WHAT NEEDS TO BE DONE: Restate, exactly as written, the entries below from the line that holds "спиды Беломорск" through the line that holds "Closeup jasmine buds". Pictures are not part of the copy.

RECORDS FOR PROCESSING:
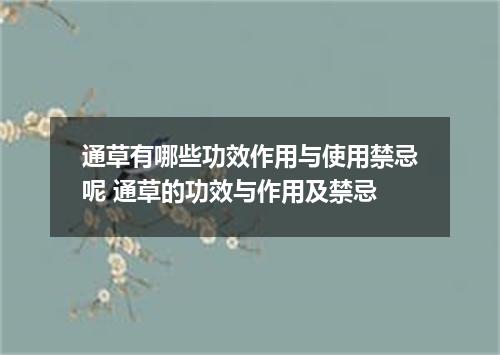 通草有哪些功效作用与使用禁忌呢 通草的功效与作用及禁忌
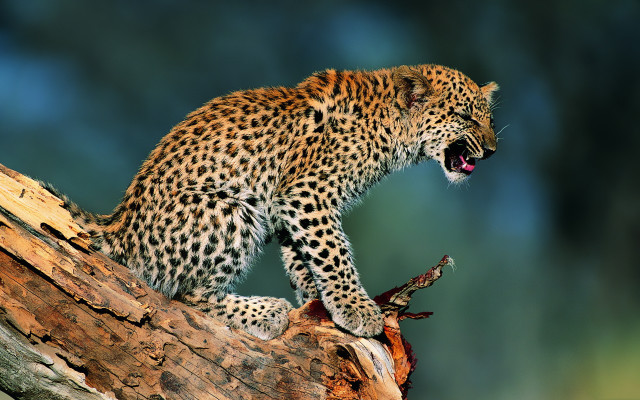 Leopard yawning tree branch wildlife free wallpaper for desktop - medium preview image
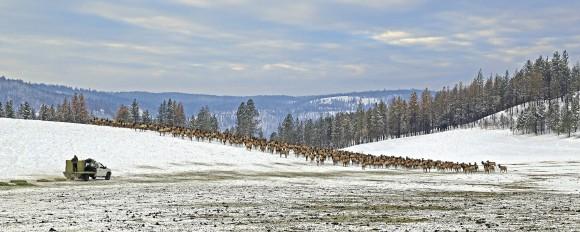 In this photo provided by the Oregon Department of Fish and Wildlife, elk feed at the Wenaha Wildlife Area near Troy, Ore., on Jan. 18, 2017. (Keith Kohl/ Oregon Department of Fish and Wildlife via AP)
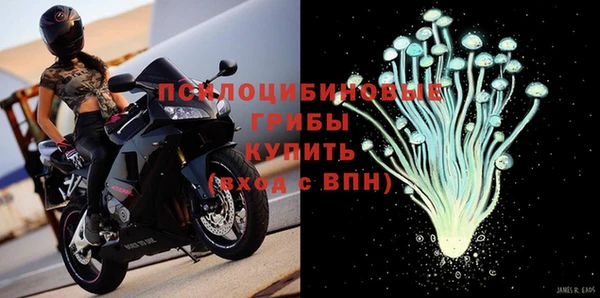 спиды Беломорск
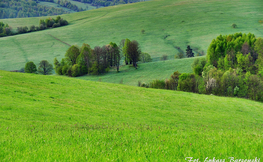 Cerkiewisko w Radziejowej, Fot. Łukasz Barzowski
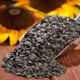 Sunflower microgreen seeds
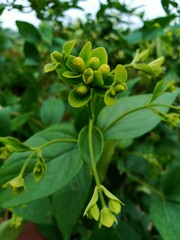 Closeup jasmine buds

==

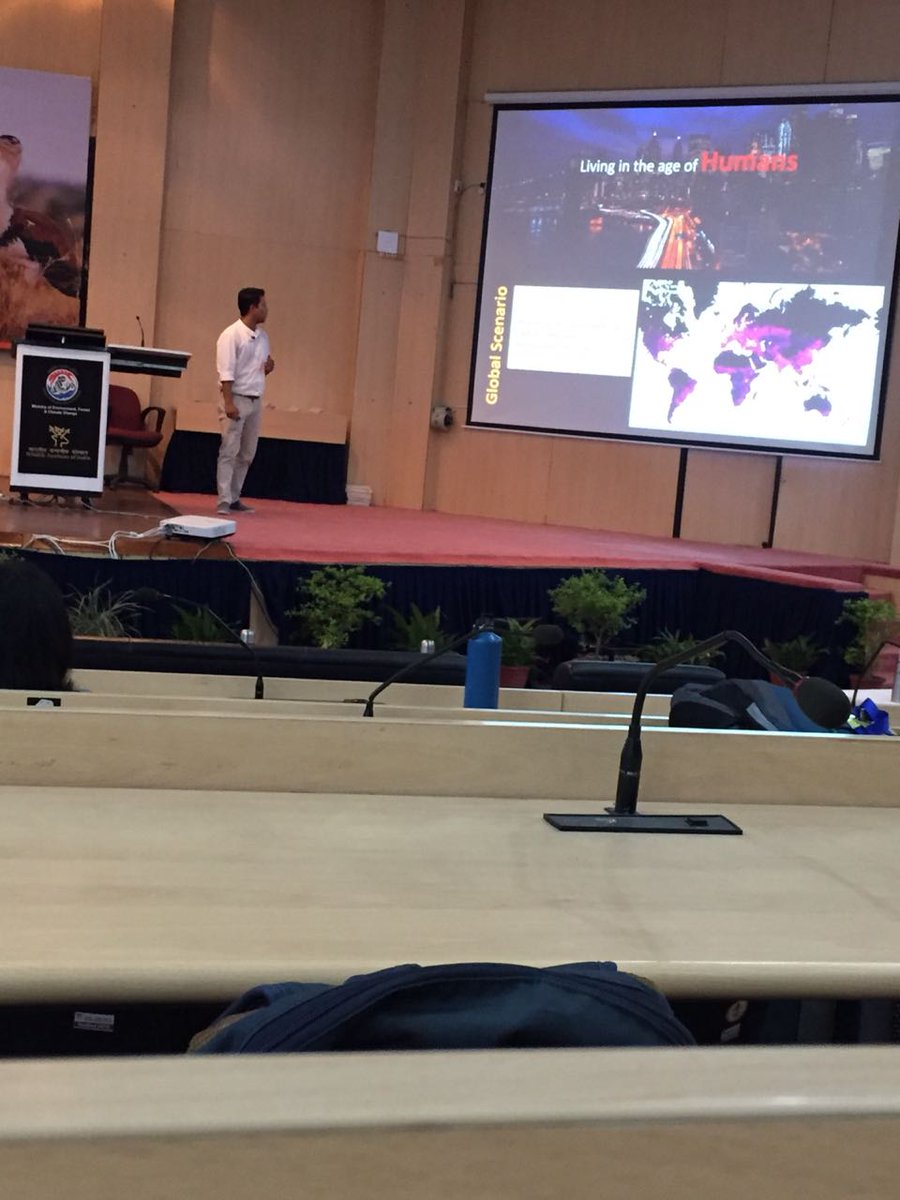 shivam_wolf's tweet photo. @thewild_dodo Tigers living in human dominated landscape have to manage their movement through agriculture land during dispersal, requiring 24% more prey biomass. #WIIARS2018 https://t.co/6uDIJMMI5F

RESPONSE TO THIS TASK:
 спиды Беломорск
 Cerkiewisko w Radziejowej, Fot. Łukasz Barzowski
 Sunflower microgreen seeds
 Closeup jasmine buds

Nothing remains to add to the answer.